Kerry chewed viciously.
"No business of any kind seems to have been done there," he replied.
"An office-boy employed by the solicitor on the same floor as Kazmah
has seen a man and also a woman, go up to the third floor on several
occasions, and he seems to think they went to the Cubanis office. But
he's not sure, and he can give no useful description of the parties,
anyway. Nobody in the building has ever seen the door open before this
morning."
The Assistant Commissioner sighed yet more wearily.
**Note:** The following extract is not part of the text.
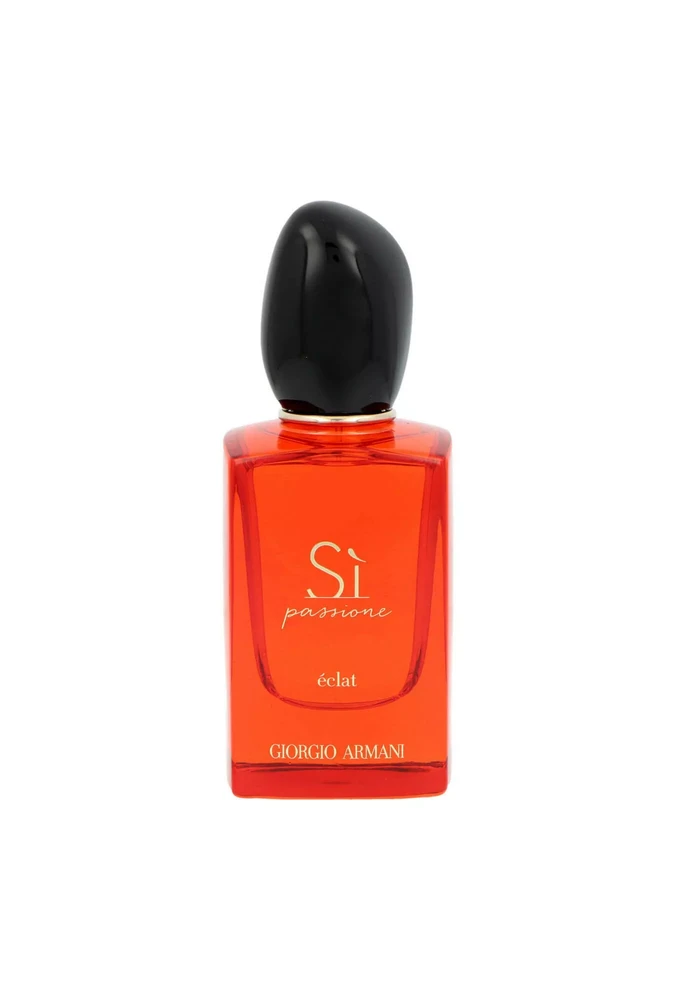 Kvepalai moterims Armani Si Passione Eclat EDP, 50 ml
"Apart from the suspicions of Miss Margaret Halley, you have no sound
basis for supposing that Kazmah dealt in prohibited drugs?" he
inquired.
"The evidence of Miss Halley, the letter left for her by Mrs. Irvin,
and the fact that Mrs. Irvin said, in the presence of Mr. Quentin
Gray, that she had 'a particular reason' for seeing Kazmah, point to
it unmistakably, sir. Then, I have seen Mrs. Irvin's maid. (Mr. Monte
Irvin is still too unwell to be interrogated.) The girl was very
frightened, but she admitted outright that she had been in the habit
of going regularly to Kazmah for certain perfumes.